Quel rôle joue le conseil d'orientation, mis en place l'été dernier, pour contrer cette situation ?

Le conseil d'orientation est composé de l'État, des syndicats, des organisations patronales et des Régions, ainsi que de personnalités qualifiées. Il définit les orientations stratégiques de l'Afpa. Par exemple, il dit de qui l'Afpa doit se rapprocher. C'est à partir de ces orientations que le conseil d'administration élabore le budget. Je dirai que nous sommes actuellement dans une sorte de course poursuite.

Après tâtonnements, le conseil d'orientation prend la mesure de son rôle et commence à le jouer.
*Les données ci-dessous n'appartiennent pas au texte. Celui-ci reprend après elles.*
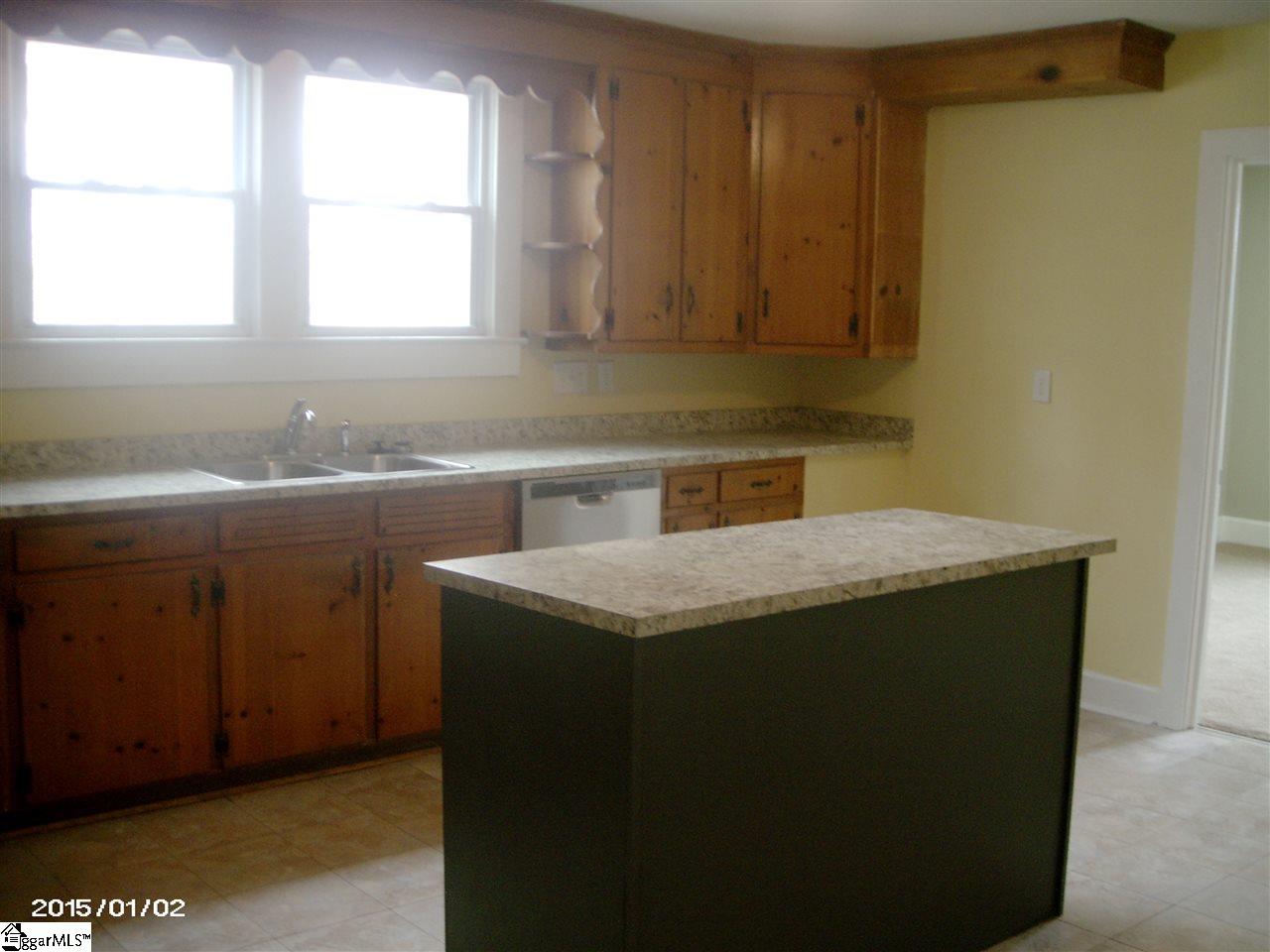228 North Rutherford Road Greer, SC 29651 - Photo 7 of 27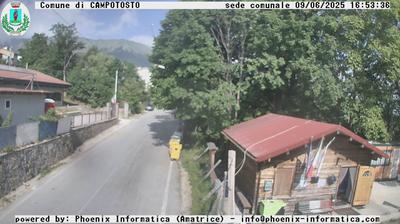 immagine della webcam nei dintorni di Paganica: webcam Campotosto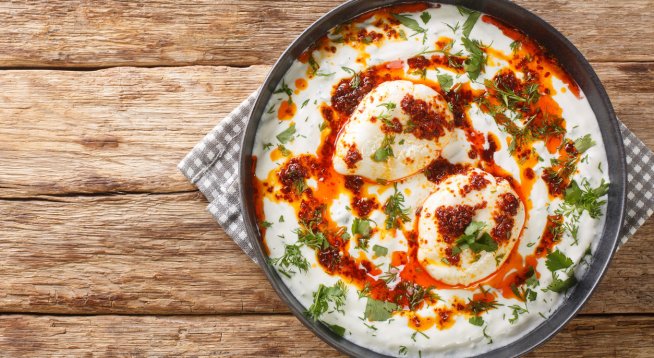 Лесна рецепта за яйца по панагюрски.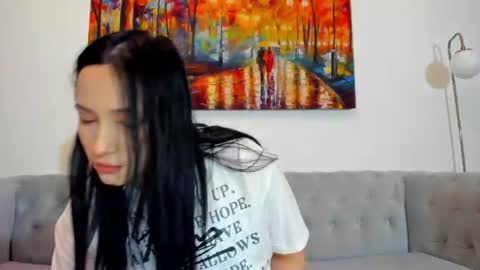 Snapshot of angell_sky_ chatting on June 13, 7:23 pm Anne online show from June 13, 7:23 pm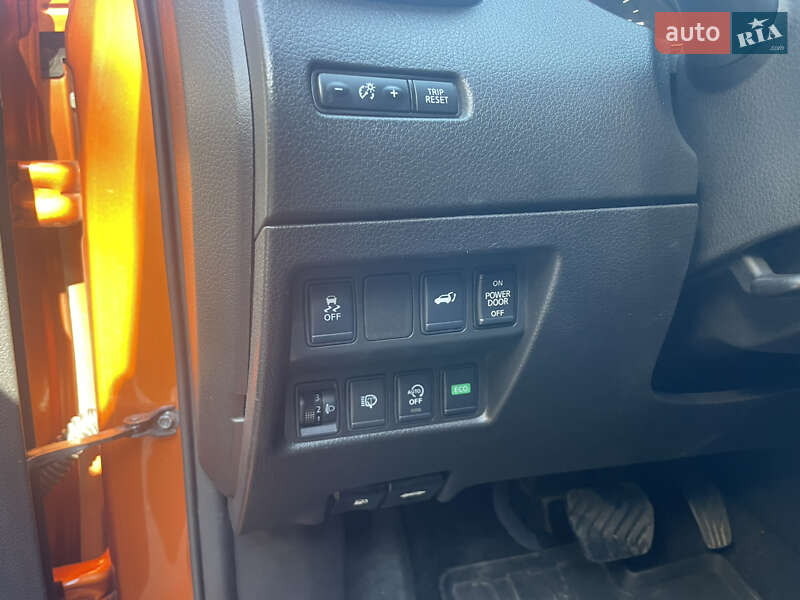 Позашляховик / Кросовер Nissan X-Trail 2018 в Києві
Cependant, le temps presse, l'Afpa rencontre beaucoup de difficultés liées et nous manquons de temps et de sérénité pour reprendre pied avec des perspectives offensives. Mais il y a un avenir pour l'Afpa ! Simplement, le conseil ne doit pas mettre trop de temps à produire ces orientations.

Quelles sont à votre sens les intentions de l'État ?

Je ne suis pas sûre qu'il ait une intention particulière. Il siège au conseil d'orientation, il prend la mesure de la situation et travaille pour l'améliorer. Plus que des intentions de l'État, il faut plutôt parler de la volonté politique. Dans la lettre de mission de Gérard Larcher, Nicolas Sarkozy n'avait pas dit un mot de l'Afpa. Nous avons dû rédiger une déclaration commune rappelant que l'association faisait partie du premier cercle du service public de l'emploi, pour que le sénateur l'évoque dans son rapport. Rappelons que l'ancien président de la République a réformé Pôle emploi dans l'impréparation et la rapidité totales, ce qui a fait des dégâts considérables. L'Afpa fait partie du lot et subit une logique politique qui consiste à dire que tout ce qui est public est à mettre à la poubelle. Selon moi, les intentions politiques étaient claires : faire disparaître l'Afpa. La direction est d'ailleurs dans cette logique, ce n'est pas un hasard si le personnel a été à ce point méprisé. J'espère qu'en appliquant les orientations du conseil, la direction fera la preuve qu'elle est capable d'évoluer. Pour le moment, les décisions sont gelées, mais ce qui a été décidé avant l'été continue à produire ses effets.

Cette situation n'était-elle pas paradoxale, l'ancien président ayant fait de la formation des demandeurs d'emploi un sujet central ?

Si, bien sûr. Le conseil d'orientation a mis en avant la position centrale de l'Afpa dans le service public de l'emploi. Le problème est de savoir ce qu'on veut offrir comme formations aux demandeurs d'emploi : des stages parking pour réduire les chiffres, ou des formations aboutissant à un emploi ?

Les partenariats sont-ils une solution pour sortir l'Afpa
de l'ornière ?


Oui, l'Afpa doit développer des partenariats avec Pôle emploi, le Cnam ou les Gréta, car elle peut jouer un rôle en matière d'information, d'orientation et d'accompagnement, dont elle peut devenir le pivot. L'Afpa peut faire franchir les étapes à ceux qui veulent, par exemple, passer d'un BEP à une licence. Elle a également des moyens concernant l'hébergement et la restauration, qu'elle peut partager. Et il est possible d'imaginer des partenariats avec les lycées professionnels pour partager du matériel, par exemple.

L'Afpa doit-elle rester nationale ?

Certains évoquent en effet l'équation 22 Régions = 22 Afpa.
Nous, nous plaidons pour un pilotage national avec une activité territoriale au travers de directions régionales.

Enfin, quel est l'enjeu du “paquet Almunia" ?

C'est un enjeu d'implantation et, surtout, un enjeu financier qui a à voir avec les SIEG. L'Afpa est entrée dans le champ concurrentiel, il est interdit à l'État ou aux Régions de favoriser l'Afpa lors des appels d'offres. Mais depuis décembre 2011, un élément nouveau est apparu avec le paquet Almunia : une partie des missions de l'association n'appartiendrait pas au domaine concurrentiel, ce qui permettrait le développement de coopération de service public. L'ARF dit que c'est possible, et nous le disons également. Seul l'État n'est pas de cet avis, arguant que c'est contraire au droit français. Pour régler la question, il suffirait de changer le droit, ce qui est toujours possible si les politiques en ont la volonté… Nous discutons actuellement de l'opportunité de demander à “l'Europe" de trancher la question. Le dossier pourrait évoluer maintenant, avec la nouvelle majorité.